Unorthodox: The Scandalous Rejection of My Hasidic Roots
- Author: Deborah Feldman
- Publisher: Simon & Schuster
- Publication date: February 14, 2012
- Pages: 272
- ISBN: 978-1439187012

= Unorthodox: The Scandalous Rejection of My Hasidic Roots =

Book by Deborah Feldman

Unorthodox: The Scandalous Rejection of My Hasidic Roots is a 2012 memoir by Deborah Feldman. In the book, she documents her life in an ultra-religious Jewish community in Brooklyn, New York. The Netflix miniseries Unorthodox is loosely based on the book.

==Overview==
Feldman was born into Satmar community in Brooklyn where the primary language is Yiddish. The community maintains a code of customs governing everything from what one wears, what is read, and to whom one generally speaks.

Feldman's move away from the community started with going to the library and hiding books written in English. At 17, she was married. Feldman said she did not have sex education, claimed she was trapped in a sexually and emotionally dysfunctional marriage, and the failure to produce a child dominated her life. After becoming pregnant, she realized she wanted something more for her child, and planned to leave the community.

==Reception==
Publishers Weekly called the book an "engaging and at times gripping insight into Brooklyn's Hasidic community".

Lisa Bonos of The Washington Post wrote that "Feldman seems to render this secretive community authentically; I only wish she'd spent a bit more time editing herself. The lopsided book traverses her childhood in painstaking detail, which is often redundant and overwrought... I certainly understood that Feldman wanted more out of life; but in the end, I wanted more from her narration. How did she handle such a tough transition, raising a child while attending college at Sarah Lawrence? She spends so much time on the world she left—without much exploration of where she's ended up."
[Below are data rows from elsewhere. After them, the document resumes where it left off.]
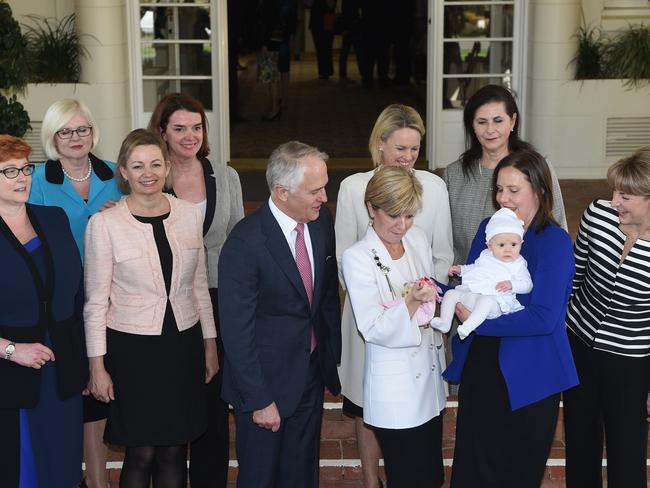 New Prime Minister Malcolm Turnbull with his new women cabinet ministers, (front, L-R) Defence Minister Marise Payne, Minister for Health, Sussan Ley, Minister for Foreign Affairs, Julie Bishop, Minister for Small Business, Kelly O'Dwyer and Minister of Women, Michaelia Cash. Picture: AFP / Peter Parks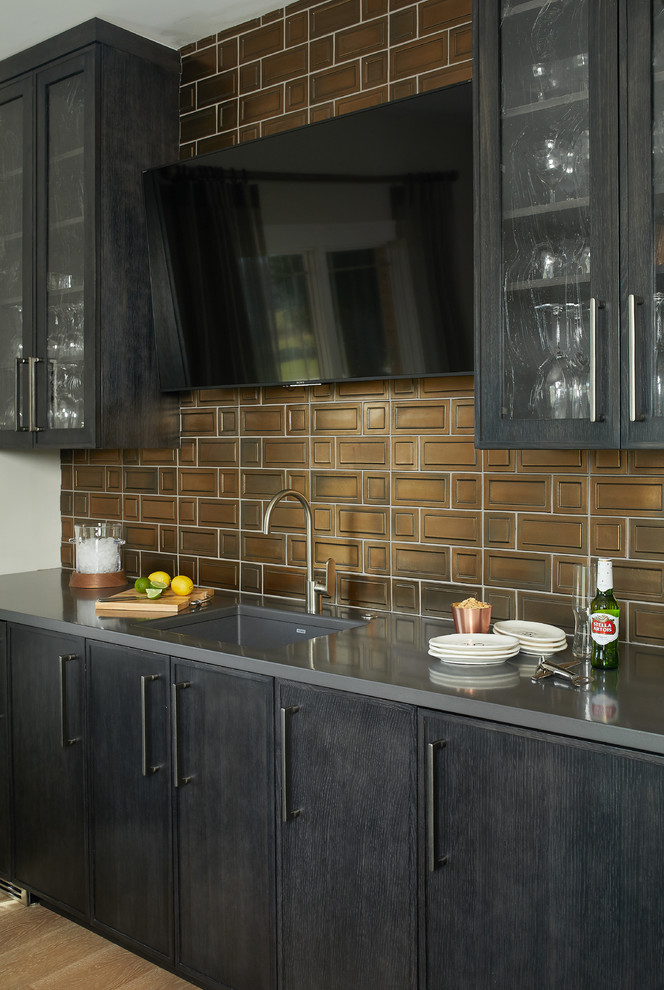 This is an example of a mid-sized transitional single-wall wet bar in Grand Rapids with an undermount sink, black cabinets, solid surface benchtops, brown splashback, light hardwood floors, brown floor, glass-front cabinets, metal splashback and grey benchtop.
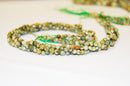 rainforest jasper rhyolite faceted round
The Jewish Book Council reviewed the book, saying: "In the Satmar world, what Feldman did was scandalous, but her story didn't provide the drama and intrigue it seemed to have promised. However, it does provide a window into a world not many of us know about or can fathom. Her story, slow at first, invites us into the homes and mindsets of the Satmar people, at times wholesome and warm, and at others lonely, shocking, and disturbing. Feldman is reflective, never mincing words, saying exactly how she feels about everything. For a woman with little formal secular education, her writing is eloquent and stirring."
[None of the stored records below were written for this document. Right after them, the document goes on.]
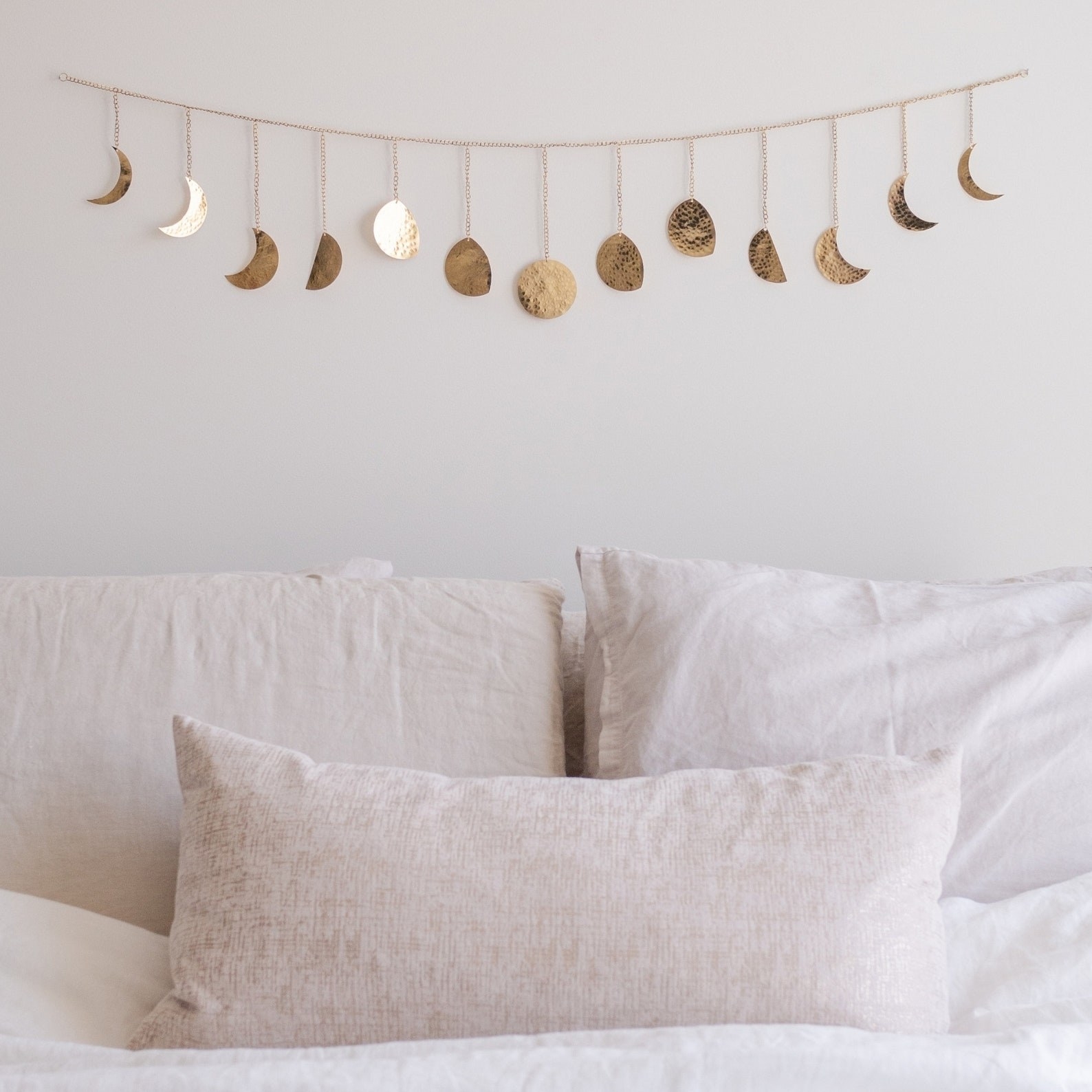 the gold moon phase garland hung above a bed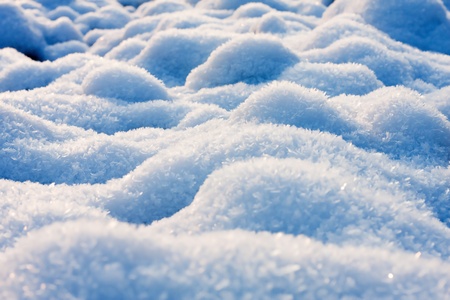 The blue sky reflecting back to snow crystalsの写真素材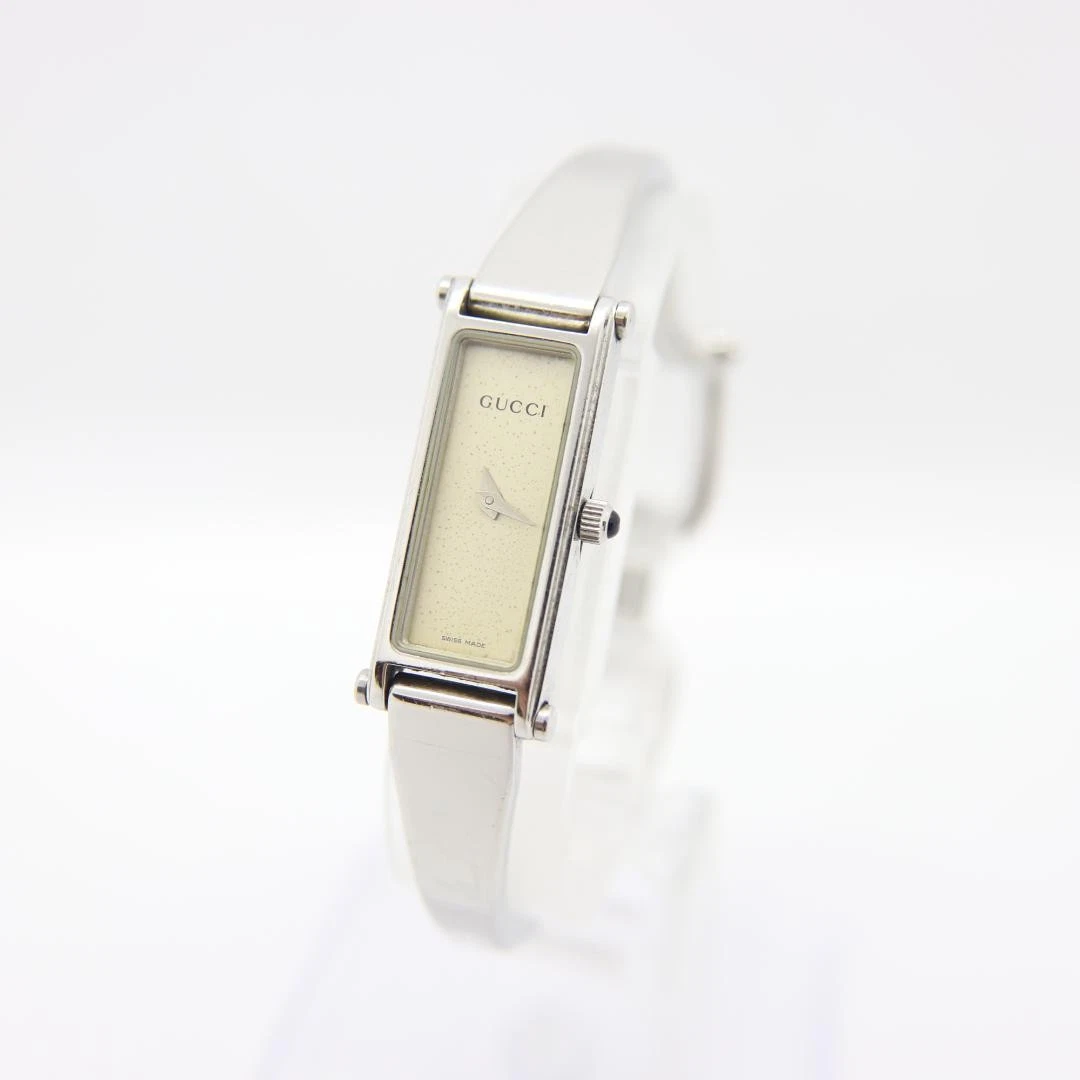 Montre Gucci 1500L femme quartz vintage argent 12 mm fabrication suisse rectangle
The New York Jewish Week reported that the book "spurred a cottage industry devoted to dispelling its inaccuracies".

==Miniseries==

The 2020 Netflix original miniseries, Unorthodox, is loosely based on this book. Netflix also produced a documentary, Making Unorthodox, that chronicles the creative process and filming, and discusses the differences between the book and the series.

==About the author==

After leaving the Hasidic community, Deborah Feldman started blogging, and in 2012, she published her autobiography, Unorthodox: The Scandalous Rejection of My Hasidic Roots. In 2014, she moved to Berlin, continued to work as a writer, and published Exodus: A Memoir. Both books have been translated into German, and were well received by critics, which led to her appearing on various talk shows on German TV.

Feldman is featured in the 2018 Swiss-German documentary #Female Pleasure.